IoT – La comunicación total

Para el año 2020 habrá, 20.000 millones según los más timoratos y 50.000 millones de cosas según Cisco Systems, conectadas a internet y, al decir cosas, no nos referimos a ordenadores, smartphones o tablets sino cosas en el más amplio sentido de la palabra incluyendo seres vivos.

En 2020 se da por terminado el despliegue a nivel mundial de la tecnología 5G, tecnologíah de comunicaciones imprescindible para dar cabida a esta cantidad ingente de dispositivos que nos mantendrán permanentemente monitorizados, queramos o no, para satisfacer nuestros más íntimos deseos.
Todo esto se conoce como “Internet of Things”, internet de las cosas en español, más conocido por sus siglas en inglés IoT.

Todas estas nuevas tecnologías disruptivas, cada vez más alejadas de la comprensión del común de los mortales, dan la sensación de ser pura magia e incluso para algunos el resultado de alguna tecnología extraterrestre del área 51. Sin embargo, si rascamos un poquito veremos que la tecnología básica de todo esto que es el RFID (Radio Frequency IDentification) viene gestándose desde muy atrás.

Ya en la segunda guerra mundial ambos contendientes utilizaban habitualmente el radar para detectar a los aviones enemigos con tiempo suficiente para reaccionar, pero tenían un problema, con los datos que nos facilita el radar es imposible saber si los aviones detectados son enemigos o son los nuestros que vuelven a casa, con el consiguiente peligro para la vida del artista.
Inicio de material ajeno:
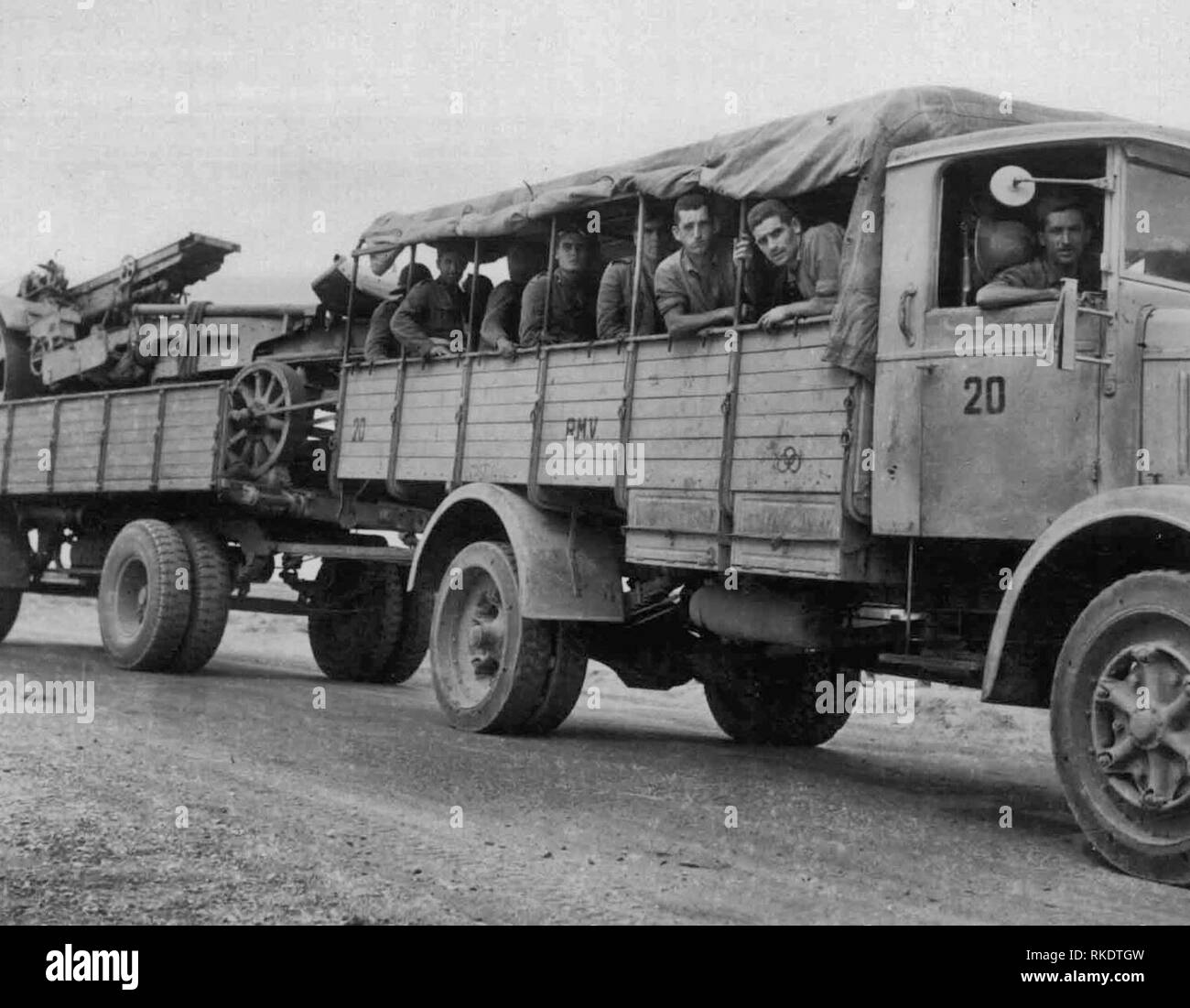 Arrivo di un Italiano convoglio militare a Tobruk nel 1941 Foto Stock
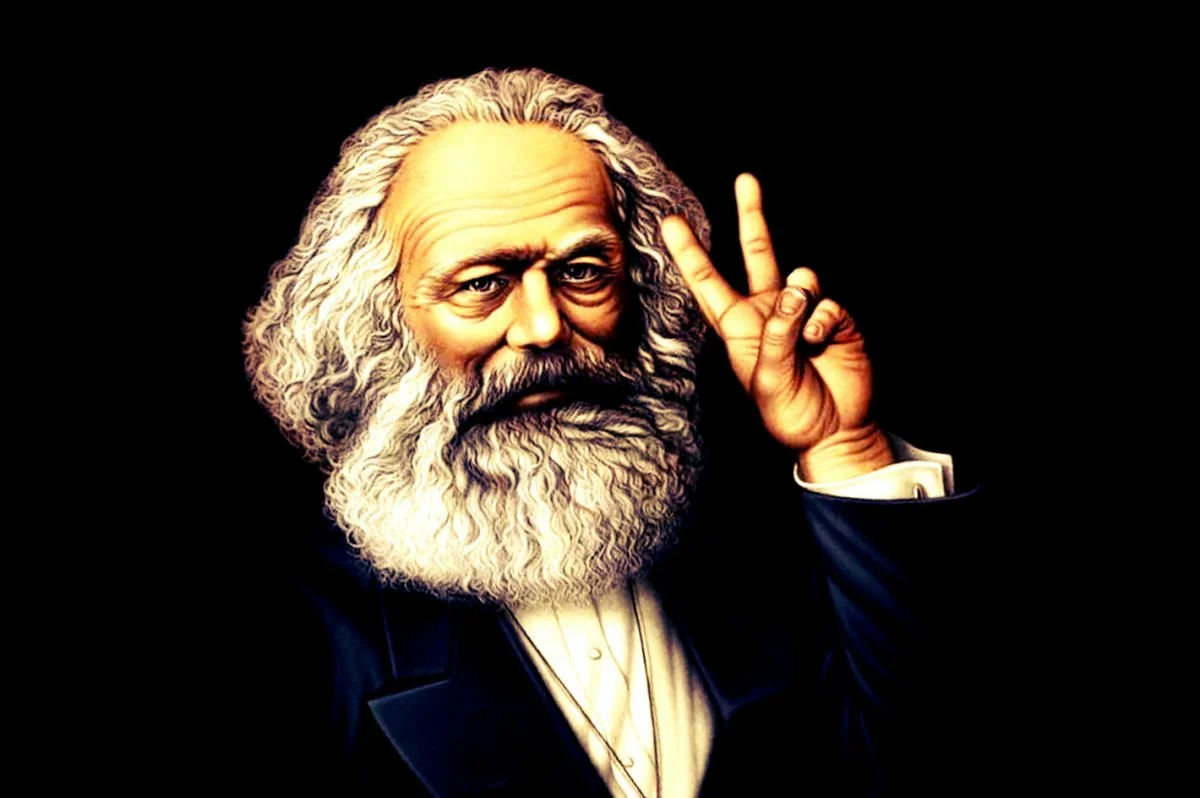 Карл Маркс одобряет борьбу с капитализмом...но темы и способы вызывают эту грусть в глазах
Para subsanar esto, un tal Watson-Watt del bando aliado caviló el sistema IFF (Identification Friend or Foe – identificación amigo o enemigo en inglés) que consistía en instalar en sus aviones un transpondedor, artilugio capaz de detectar el envío de una onda de radio y devolver la información contenida en su interior; con esto se creaba una micro conversación entre el avión y la base que permitía identificar a los aviones.

Toda esta tecnología durante la segunda guerra y los primeros años de la guerra fría permaneció en secreto en el ámbito militar hasta la década de los 60 en que pasará al ámbito civil. Si bien en esta década se hicieron algunos proyectos en grandes supermercados para detectar el robo de sus productos con sencillas etiquetas basadas en radio frecuencia, habría que esperar a los años 70 para asistir a la estandarización y la aparición de las primeras patentes de dispositivos RFID.

Un dispositivo RFID consiste en un circuito integrado con unos Kb de memoria para almacenar algunos datos y pequeños procesos más una antena que le permite enviar y recibir la información. Atendiendo a si llevan o no una batería estos se dividen en activos y pasivos. Los RFID pasivos no llevan batería y toman la energía de la onda que reciben del lector; tienen tan solo 3 o 4 metros de alcance pero son muy baratos y duraderos, al fin y al cabo solo es una pegatina con un alambre enroscado. Los RFID activos llevan una batería lo que les permite aumentar mucho el alcance y emitir a voluntad, pudiendo actuar por ejemplo como faros para la localización de objetos.

Durante los años 80 y 90 la tecnología RFID se fue extendiendo a todos los ámbitos, primero en el seguimiento de flotas de transporte, seguimiento del ganado para optimizar la aplicación de fármacos y mejorar su alimentación, gestión de almacenes, etc. En 1999, Kevin Ashton del M.I.T., fascinado por las posibilidades de esta tecnología, acuñó el término “Internet of Things”. Pero tan solo eso, por aquellas fechas si bien existía internet estaba muy lejos de lo que tenemos hoy en día; aquellos lectores que halláis superado la treintena, recordaréis que en los 90 las conexiones a internet se hacía a través de módems de 64 K que metían un ruido infernal, de hecho a internet se le llamaba el ciber-despacio.

Hubo que esperar las tecnologías del nuevo milenio, entre ellas el “Cloud Computing” que pone a nuestra disposición un espacio de trabajo no solo ubicuo sino también prácticamente ilimitado, el Blockchain para securizar las comunicaciones, el Bigdata que permite manejar ingentes cantidades de datos, algoritmos de inteligencia artificial como Machine Learning para aplicar sobre esos datos y sacar conclusiones sorprendentes.
Toda esta tecnología se aplicará a sectores tan dispares como la medicina, la logística, la domótica, las ciudades inteligentes o el sector agropecuario prometen hacernos la vida más feliz y de paso hacernos un poco más zánganos si cabe, pero esto da para otro post.